Может ли человек сам понять, что хорошо, что дурно, если все вокруг считают хорошее дурным, а дурное – хорошим? Можно ли освободиться от влияния окружающих и научиться мыслить самому? Как заниматься самосовершенствованием и быть счастливым, если мир отвратителен?

И неважно, кто из братьев был влюблен в Вареньку и был свидетелем страшной сцены, – это размышления самого Толстого, начавшиеся в Казани и волновавшие его всю жизнь, потому что на эти простые вопросы невозможно дать ответы.

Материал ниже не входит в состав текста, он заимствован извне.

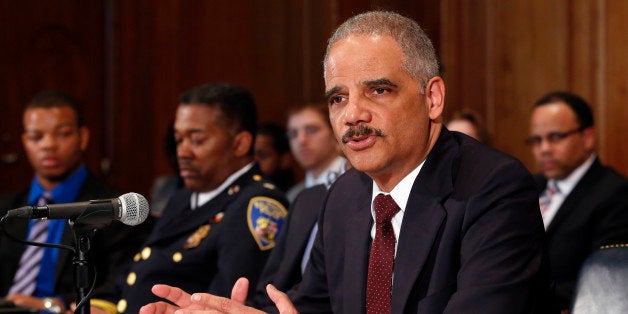 U.S. Attorney General Eric Holder arrives to talk to the media about the shooting of two police officers in Ferguson, and to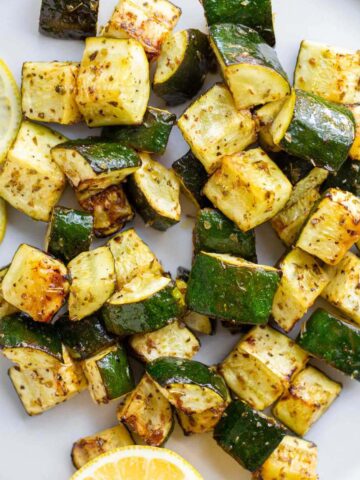 Roasted zucchini with lemon slices.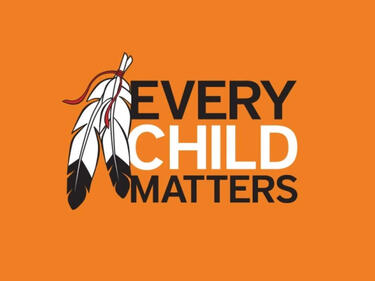 every child matters on an orange background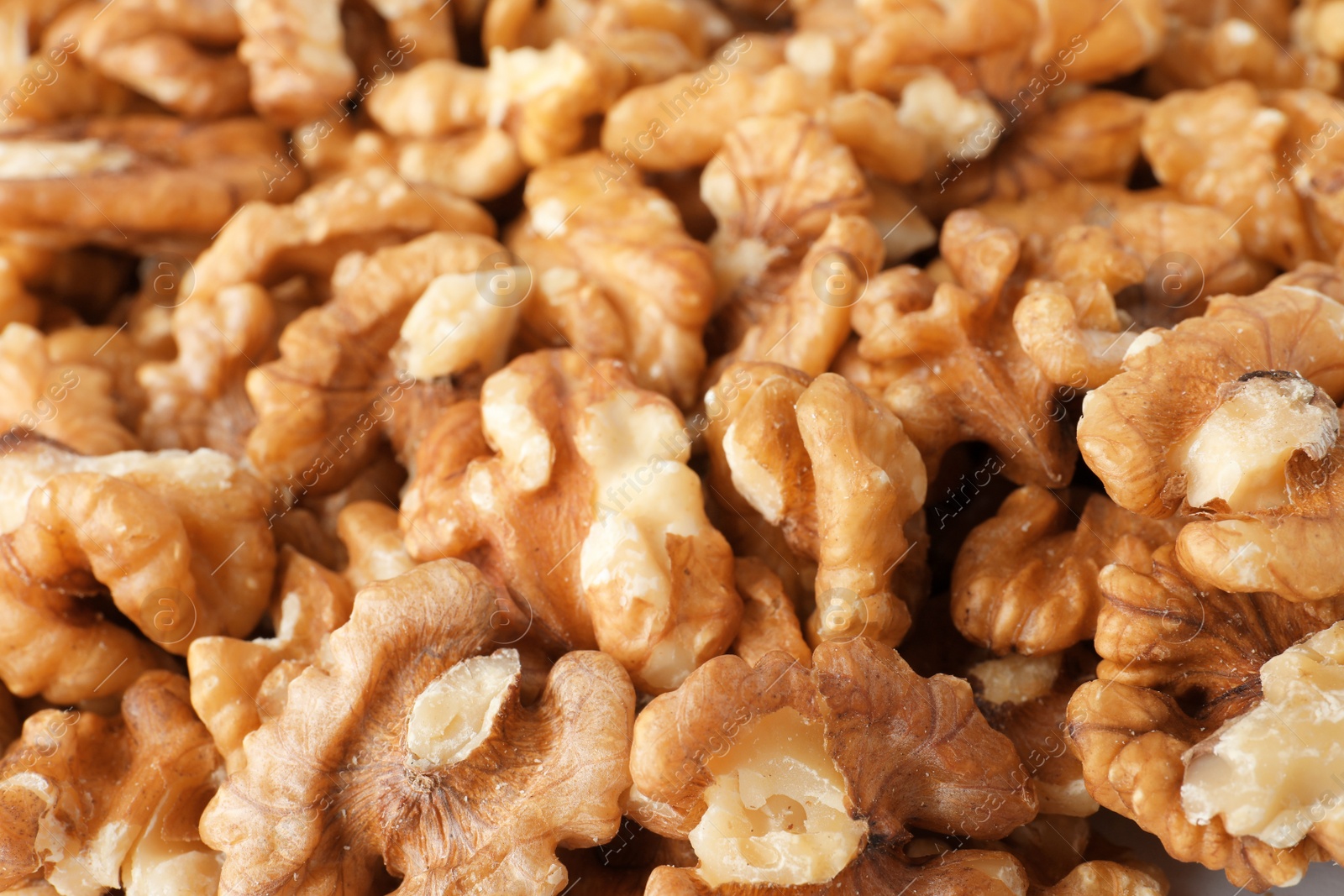 Photo of Pile of shelled walnuts as background, closeup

Герой в начале рассказа был молодым студентом, неискушенным, наивным, а потому счастливым в своем неведении жизни: «Бал был чудесный: зала прекрасная, с хорами, музыканты – знаменитые в то время крепостные помещика-любителя, буфет великолепный, разливанное море шампанского», улыбки и музыка освещали все вокруг. Но когда он увидел экзекуцию («Это было что-то такое пестрое, мокрое, красное, неестественное, что я не поверил, чтобы это было тело человека»), то испытал ужас: «…на сердце была почти физическая, доходившая до тошноты тоска, такая, что я несколько раз останавливался, и мне казалось, что вот-вот меня вырвет всем тем ужасом, который вошел в меня от этого зрелища». С этого момента низвержены все привычные ценности: условности света, необходимость службы, а возвышенная любовь… любовь «пошла на убыль»: «…та прелесть, поэзия любви, которую я испытал в этот вечер, кончилась. Я не мог теперь не видеть в ней, в ее этой ласкающей улыбке, того, что я видел в ее отце, на площади». Казалось бы: дочь за отца не отвечает, но странно живет и умирает чувство.

Ведет ли потрясение к прозрению? В религиозно-этических трактатах Толстого смысл прозрения - в изменении жизни и увеличении любви к миру. Смог ли герой изменить хотя бы свою жизнь? Увы… В первоначальном варианте текста рассказчик размышлял: «…на другой день опомнился совсем и стал ходить в университет и жить по-прежнему…Что ж, вы думаете, что я решил, что полковник изверг, что то, что я видел, было преступление. Ничуть. Но я не смел, не мог решить, что то, что я видел, было дурно. Это было ужасно, но если оно делалось, значит, оно было необходимо… Надо было понять это и подчиниться этому. И я не мог ни того, ни другого, но и не мог решить, что это дурно». Но и забыть прошедшее герой не смог, и любить по-прежнему тоже. Почему? Непонятно. И позже Толстой добавил герою мысль о том, что от таких событий пусть очень медленно и незаметно, но «переменяется и направляется вся жизнь человека».

«А вы говорите», что любой школьник знает о нашей странной жизни больше?